星のお姫さま

祝!1位の風来坊兄ちゃんの「わたしのこと、まだ、好きですか?」の私による1位以下バージョンを、送信します。

やっと放課後になった。
これで辛い教室から抜け出せる。
もともと、私は「かわいい」と女子に妬まれて、「かわいい」と男子に変な目で見られるだけの監獄のような空間は、嫌だった。
私は、吹奏楽部の打楽器パートらしい。
なぜか一番上の三階にある音楽室に私は向かった。
私は、事故で記憶喪失になり、ショックでADHD(発達障害)もあるらしい。
大丈夫かな。楽譜の読み方とリズムの打ち方は、先週、覚えた。部員の名前も、少し覚えた。
楽器の正式名称は、打楽器は、とりあえずコンプリートした。
私は、そう考えながら、音楽室の扉を、そっと開けた。鍵は、かかっていなかった。
音楽室に入ると、なんだか、部員たちは、シンプルな音階を上がる練習をしていた。
チューバの先輩の赤い髪に染めた不良の土田太一さんに話しかけられた。
「俺、見たんだけどさ、風間って、お前のかわいい顔を殴りつけたんだよ!許せないよな!俺が助けたんだよ!」
なぜだろう。ガラスの欠片が胸に突き刺さるような感覚がした。
きっと、私が、かわいい顔だから、殴りたかったんだね
私も、こんな弱点でしかない外見、嫌いだよ
私は完全に納得した。
風間くんのところへ、だれとも、いつも話さない私は、相当な勇気を持って、歩いて行った。
風間くんは、トランペット(金管楽器)を大事そうにケアしていた。
王子だ。
直感的に、私は、そう思った。
「風間くんは、無駄に、かわいい私が嫌いなの?」
風間くんは、びっくりしていた。
「嫌いじゃないよ。だれかのウワサ?」
「ウワサっていうか、土田さんが、言ってた」
私が説明すると、風間くんは、冷たい目で、土田さんを見て、「あいつ、終わってるな」と、つぶやいた後に言った。
「じゃあ、それは、あいつだけが叫んでいる気持ち悪い妄想だから」
えっ。
いつも、部員に優しい風間くんが、怒っている。
なんだか、カッコイイ。
「あ、そうなんだ」
じゃあ、私の最弱な外見は、悪くないの?
甘い考えが頭に浮かんだけれど、私は処分した。
それは、ない。
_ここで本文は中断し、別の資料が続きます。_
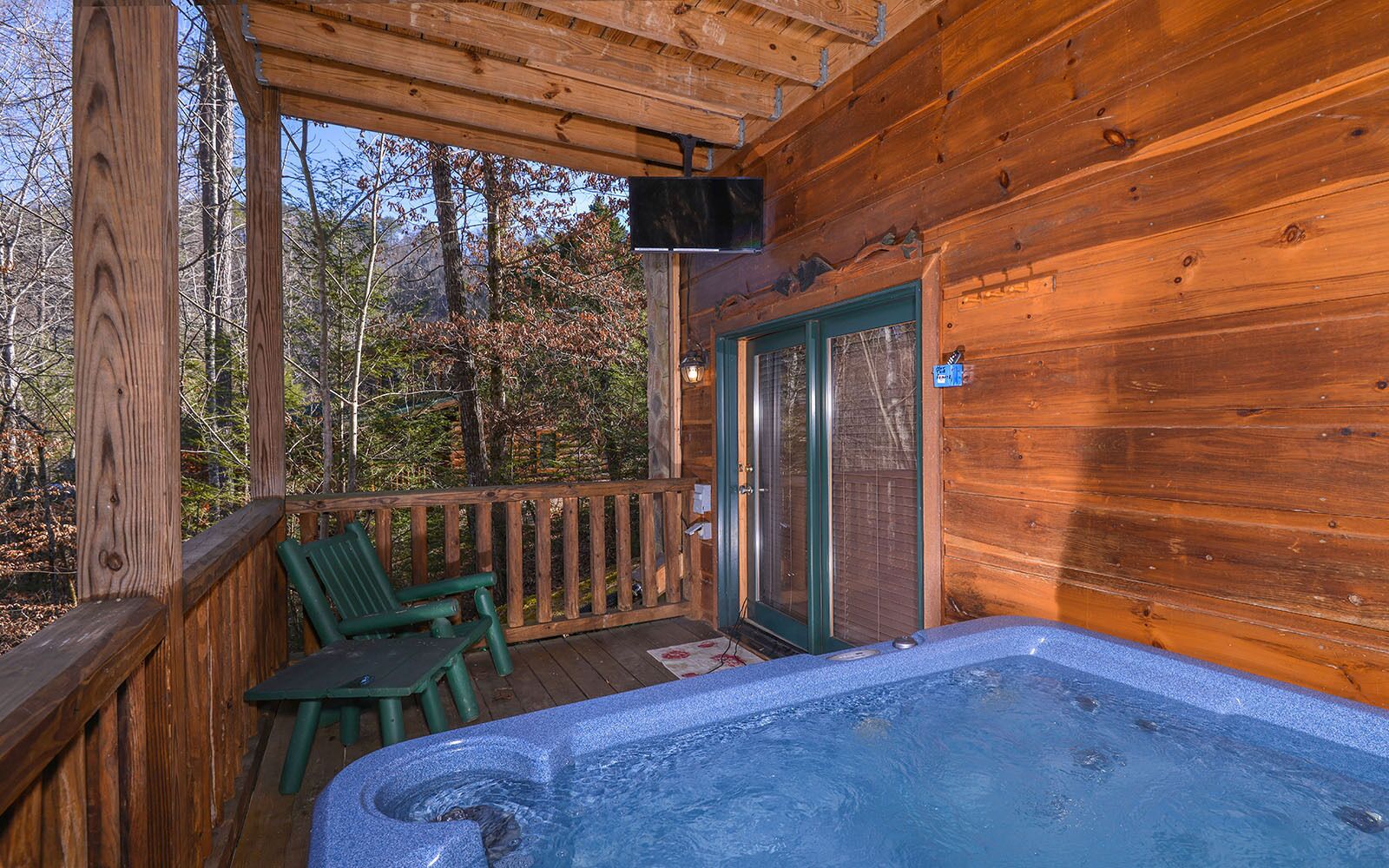 A wooden cabin with a hot tub, a door with a glass panel, and a chair outside.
なさすぎる。
それは「自由曲」すぎる。

私の課題曲は「美少女の自分を壊せ!」だ。

パート練習の時間が、始まり、同じパートの、友香ちゃんが、話しかけてきた。友香ちゃんは、茶髪で少し派手だけど、クソ真面目の私なはずなのに、なぜか怖いと思わない。

「7月下旬のコンクール、成功させような!」

友香ちゃんは話し方が、男子っぽい

「どうかな。ランキングみたいな金賞に、良くない予感がする」

私は、冷静に、そう伝えた。

友香ちゃんは、めげずに、ちょっと、ふざけたような感じで言った。
「またまたー!普通に金賞を目指そうよ!他校の演奏を聴くのも楽しいよ!」

「そうかもしれない」

私は、あいまいに返事をした。

「とにかく、7月下旬の夏のコンクールは、参加しろよな!星川ちゃん!」

「がんばるよ」

私は、そう答えた。
適当に、がんばろう。
私は、透明感のある甘いグロッケンシュピール(鉄琴とは違います。鍵盤の打楽器)の音を想像した。
あの傷付いたガラスのような音は、壊れそうだけど、絶対に、壊れない。

私は、そう確信した。

「じゃ、これ、課題曲だから」

友香ちゃんから、渡された楽譜は、樽屋雅徳(たるやまさのり)さんの「星の王子さま」だった。

サン・テグジュペリさんの高校の現代文の教科書の「星の王子さま」は、読んだ。

だいたい、意味は分かる。

友香ちゃんは、急に、真剣な顔で、私に伝えた。
「星川ちゃんは、星のお姫さまなんだよ。だから、自分を壊したら、ダメなんだよ」

「そんなわけないよ」

私の気持ち悪いほど整った外見は、要らない。要らなさすぎる。

「今日、風間っちと話せて、うれしかったよな?」

友香ちゃんが、明るく、訊ねる。

「なっ、何言ってるの?それは、ないよ.....。いいわけないよ」

私が、表情を見られないように、うつむいていると、なぜか「応援するぜ!」と友香ちゃんのテンションが上がった。
やめろ。そこでクレッシェンド(だんだん大きく)をするな。

私は、風間くんがトランペットを完璧に演奏している姿を思い出した。

ため息をついた。

本当に、風間くんは、甘すぎる王子だ。